== WORK TASK ==
Output the line that contains "ConstructionClock App logo" together with each line after it, through the final line of the listing below, word for word; omit pictures.
[Opening SUPPLIED INFORMATION section]
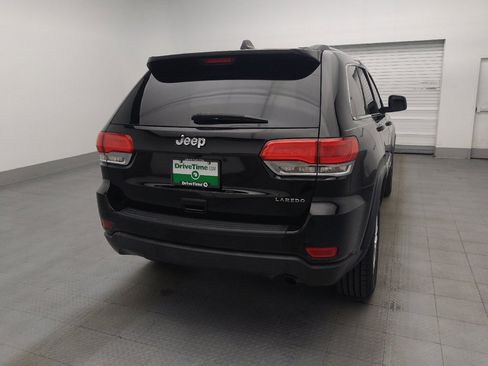 Used 2018 Jeep Grand Cherokee Laredo RWD image 7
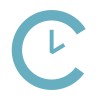 ConstructionClock App logo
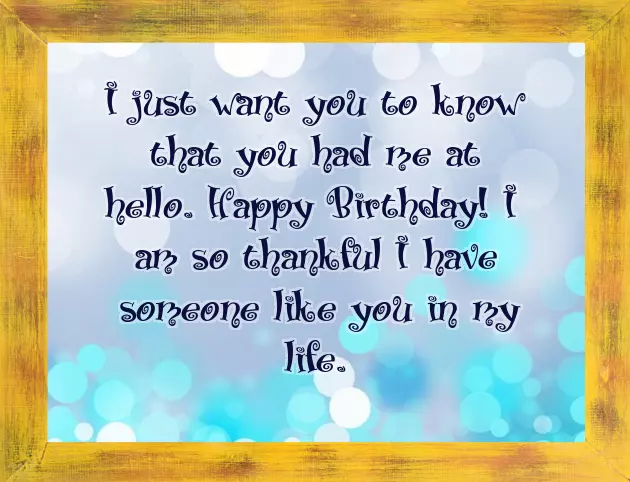 Happy Birthday To The Most Beautiful Girl Inside And Out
[Closing SUPPLIED INFORMATION section]
== RESPONSE TO THE EXERCISE ==
 ConstructionClock App logo
 Happy Birthday To The Most Beautiful Girl Inside And Out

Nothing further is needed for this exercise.